I told Mr. Blind that I just want to take it very slowly, if that's okay.
Now I am thinking that any one in the dating pool should be able to say exactly what they are looking for. Let's say you are just looking for fun and friends, and perhaps a sexual relationship..... no strings attached. If you are a man, this is expected. If you're a woman, you sound like kind of a whore.

At the end of the night, Mr.Blind did lean over and kiss me and I was so surprised that I actually almost laughed. I really hadn't thought this dating thing through. I didn't realize that something so small as a little kiss, which I think I may have enjoyed, would send my mind reeling. It has been years and years since I was kissed by anyone but my husband. I forgot what a stranger's lips were like ! My mind is not sure whether I should be okay with this, or whether I should feel really sad.
Is it okay to kiss someone just for fun, or is it belittling what I had with my husband? Should I kiss him back, to see if I like it, or will I be cheating on my dead husband. Am I crazy ? Should I just call off any future dates right now ?

I am starting to get hives just trying to figure this all out. I guess I'll go on one more date, just to test the waters !!! Ahoy !

Thursday, March 4, 2010

Stranger things have happened

An interesting thing happened last night. I got a call from my sister's ex-husband, who I haven't seen or heard from in about 8 months. He said I came up as a "perfect match" for him on e-harmony. OMG. I laughed so hard I about peed my pants.
Don't get me wrong, I love my sister's ex. He is the father of my wonderful nephews, and he will always be my friend. However, he was really stupid in choosing alcohol and other substances over his wife and three boys. A pretty unforgivable offense.
It is pretty funny because I stopped checking the e-harmony site because they were sending me names of southern baptists, or people like in the Footloose movie whose profiles said they didn't drink, didn't dance, didn't listen to music, etc. No thanks! Then I come up on the profile of someone that I know does all those things and more. Not quite sure how that all works, but suffice it to say, my mother would have a heart attack and die if I told her I got matched up with him. Me, I am still laughing about it !

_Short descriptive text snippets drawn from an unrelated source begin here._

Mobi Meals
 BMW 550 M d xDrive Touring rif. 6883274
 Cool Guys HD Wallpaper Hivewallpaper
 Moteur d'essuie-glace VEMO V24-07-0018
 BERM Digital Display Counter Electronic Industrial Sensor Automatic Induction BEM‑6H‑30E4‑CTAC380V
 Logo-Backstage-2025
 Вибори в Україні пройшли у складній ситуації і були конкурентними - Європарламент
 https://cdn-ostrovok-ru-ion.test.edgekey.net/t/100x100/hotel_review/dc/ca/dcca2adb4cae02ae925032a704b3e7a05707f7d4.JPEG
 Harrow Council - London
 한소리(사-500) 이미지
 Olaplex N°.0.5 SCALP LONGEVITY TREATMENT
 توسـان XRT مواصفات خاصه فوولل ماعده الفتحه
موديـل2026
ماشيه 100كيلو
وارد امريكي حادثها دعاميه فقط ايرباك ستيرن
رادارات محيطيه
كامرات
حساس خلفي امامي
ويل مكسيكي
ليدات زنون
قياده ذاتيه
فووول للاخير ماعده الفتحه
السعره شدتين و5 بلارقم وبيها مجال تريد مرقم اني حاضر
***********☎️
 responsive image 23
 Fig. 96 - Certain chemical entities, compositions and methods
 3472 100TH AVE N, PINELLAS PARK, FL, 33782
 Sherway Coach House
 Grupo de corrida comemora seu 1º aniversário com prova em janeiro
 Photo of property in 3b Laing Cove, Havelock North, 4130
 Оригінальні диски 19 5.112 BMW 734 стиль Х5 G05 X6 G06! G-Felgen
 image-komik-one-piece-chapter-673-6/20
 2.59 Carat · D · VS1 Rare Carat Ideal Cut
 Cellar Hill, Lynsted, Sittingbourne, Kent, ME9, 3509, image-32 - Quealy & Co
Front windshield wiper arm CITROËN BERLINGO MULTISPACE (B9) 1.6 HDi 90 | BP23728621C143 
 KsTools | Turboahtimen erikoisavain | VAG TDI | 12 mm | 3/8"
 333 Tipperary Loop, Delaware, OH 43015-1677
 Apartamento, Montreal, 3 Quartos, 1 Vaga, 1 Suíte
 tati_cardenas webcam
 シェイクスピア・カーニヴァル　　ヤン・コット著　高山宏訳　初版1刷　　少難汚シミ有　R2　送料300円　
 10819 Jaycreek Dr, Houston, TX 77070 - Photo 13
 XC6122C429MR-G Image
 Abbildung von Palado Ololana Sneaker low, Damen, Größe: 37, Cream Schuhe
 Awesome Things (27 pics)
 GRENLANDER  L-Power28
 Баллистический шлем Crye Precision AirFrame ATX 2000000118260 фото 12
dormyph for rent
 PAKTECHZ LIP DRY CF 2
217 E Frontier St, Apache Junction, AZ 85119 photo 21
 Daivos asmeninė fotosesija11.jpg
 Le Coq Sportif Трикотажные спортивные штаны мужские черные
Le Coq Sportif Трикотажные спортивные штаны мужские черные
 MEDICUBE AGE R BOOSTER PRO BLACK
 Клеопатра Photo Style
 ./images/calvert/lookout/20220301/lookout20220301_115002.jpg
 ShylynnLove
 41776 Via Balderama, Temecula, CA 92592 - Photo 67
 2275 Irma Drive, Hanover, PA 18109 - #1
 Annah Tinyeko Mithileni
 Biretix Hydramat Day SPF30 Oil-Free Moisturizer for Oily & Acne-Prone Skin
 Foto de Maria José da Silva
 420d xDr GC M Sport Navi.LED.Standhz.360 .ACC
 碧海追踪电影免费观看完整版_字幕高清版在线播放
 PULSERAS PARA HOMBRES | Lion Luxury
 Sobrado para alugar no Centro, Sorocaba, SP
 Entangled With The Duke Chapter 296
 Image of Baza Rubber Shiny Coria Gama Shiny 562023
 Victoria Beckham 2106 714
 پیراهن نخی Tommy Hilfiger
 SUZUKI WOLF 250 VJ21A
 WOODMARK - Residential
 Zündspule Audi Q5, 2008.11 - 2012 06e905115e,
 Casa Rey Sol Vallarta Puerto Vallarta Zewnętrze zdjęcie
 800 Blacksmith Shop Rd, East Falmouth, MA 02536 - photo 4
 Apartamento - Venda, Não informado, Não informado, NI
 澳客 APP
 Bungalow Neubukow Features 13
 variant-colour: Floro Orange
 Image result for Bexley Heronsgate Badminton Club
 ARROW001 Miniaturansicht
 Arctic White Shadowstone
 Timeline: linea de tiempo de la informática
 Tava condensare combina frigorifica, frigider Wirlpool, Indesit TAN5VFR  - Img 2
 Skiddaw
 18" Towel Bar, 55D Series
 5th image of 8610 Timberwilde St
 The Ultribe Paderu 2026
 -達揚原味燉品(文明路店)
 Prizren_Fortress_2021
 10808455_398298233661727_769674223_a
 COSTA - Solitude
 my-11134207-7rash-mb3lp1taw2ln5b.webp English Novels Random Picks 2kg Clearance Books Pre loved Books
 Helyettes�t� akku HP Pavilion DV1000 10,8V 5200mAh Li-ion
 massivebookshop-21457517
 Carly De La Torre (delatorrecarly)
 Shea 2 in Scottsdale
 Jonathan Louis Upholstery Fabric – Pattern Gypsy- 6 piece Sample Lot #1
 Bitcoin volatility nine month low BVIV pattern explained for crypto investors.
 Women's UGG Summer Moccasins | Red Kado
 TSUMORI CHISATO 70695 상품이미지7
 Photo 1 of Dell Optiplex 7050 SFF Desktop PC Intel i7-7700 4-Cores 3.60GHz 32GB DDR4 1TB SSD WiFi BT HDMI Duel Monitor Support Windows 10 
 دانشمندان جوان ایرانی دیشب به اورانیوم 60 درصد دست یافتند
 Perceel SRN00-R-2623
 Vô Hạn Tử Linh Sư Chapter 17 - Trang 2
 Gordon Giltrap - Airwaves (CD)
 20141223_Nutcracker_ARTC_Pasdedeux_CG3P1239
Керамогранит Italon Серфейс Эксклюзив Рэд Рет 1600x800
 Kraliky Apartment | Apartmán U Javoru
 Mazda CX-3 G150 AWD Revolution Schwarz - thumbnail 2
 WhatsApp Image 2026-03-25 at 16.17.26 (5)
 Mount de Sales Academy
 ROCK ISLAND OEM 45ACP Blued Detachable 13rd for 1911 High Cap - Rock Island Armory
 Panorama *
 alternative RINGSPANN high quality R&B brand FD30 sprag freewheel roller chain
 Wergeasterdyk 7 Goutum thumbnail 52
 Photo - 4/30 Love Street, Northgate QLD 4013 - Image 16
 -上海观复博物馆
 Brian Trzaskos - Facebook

Speaking of mothers, it seems like I have lots of them, all calling me this morning to tell me to not write so much on my blog. I am getting interesting comments from family members who think I am sharing too much. The thing is, I have always been someone who writes. I used to journal before it was popular ! I haven't written anything in a long time.... too busy raising kids, working, taking care of people, etc. Now that I have time again, I am really enjoying it, and my hope is that one person who is over 40 and trying to date again will read it and get a laugh, and maybe some advice. It's not easy !

Tuesday, March 2, 2010

No Lights, Big City

The first night in the big city, and I get a call at 10:30p.m. that when Max plugged in his lamp, the fuse blew and he was left in the dark ! The call was to see if he was supposed to try to flip the switches in the fuse box. YES. Didn't work. An exciting first night ! The landlord came today to replace the fuse. He brought extras with him, smart man, and showed Max how to replace them. After he took care of things, the landlord wrote me an e-mail to tell me that Max was doing well, seemed settled in, and that Max told him he was "enjoying every minute" of apartment life. Imagine a landlord writing to me to let me know all is okay. What a nice man !

I am kind of enjoying myself too! I am sipping a glass of wine. Josie and the Pussycats is about to come on tv. No one is coming in to change the channel. The dogs are resting on their new clean beds. Who knew things could be so relaxing ?

Oh, and did I mention I have a date ? The blind date guy, who will be hereafter referred to as "Mr. Blind" called to ask me out on Saturday for dinner and a movie! Guess what..... I said yes !
I can't believe it myself. He's going to pick the movie, I'm going to pick the restaurant. I'll update after the date. Let's see what movie he picks ! I want to see Shutter Island, but he'll probably pick something he thinks I would like to see, like Valentine's Day or Alice in Wonderland. Okay, I do want to see Alice, but I am going to that on Sunday for my God daughter's 12th birthday.
The other part of this is that I am supposed to be going out with Chemistry.com man later this week, but he hasn't written yet to let me know a specific day....... maybe I'll be busy. He should have booked in advance ! ha ha ha. I really thought there was potential there.
I may actually have to get an engagement calendar !

Monday, March 1, 2010

the Blind leading the date

Went on a blind date over the weekend ! Actually it was a "meet a friend of mine, it's not a date" kind of blind date, but he did call later and ask for my telephone number. That's progress.
It was actually a pretty good evening. The blind guy was very nice, but wouldn't tell me what he did for a living, and has two ex-wives. Are we sensing some red flags here, perhaps? I think I have to learn a lot more about him.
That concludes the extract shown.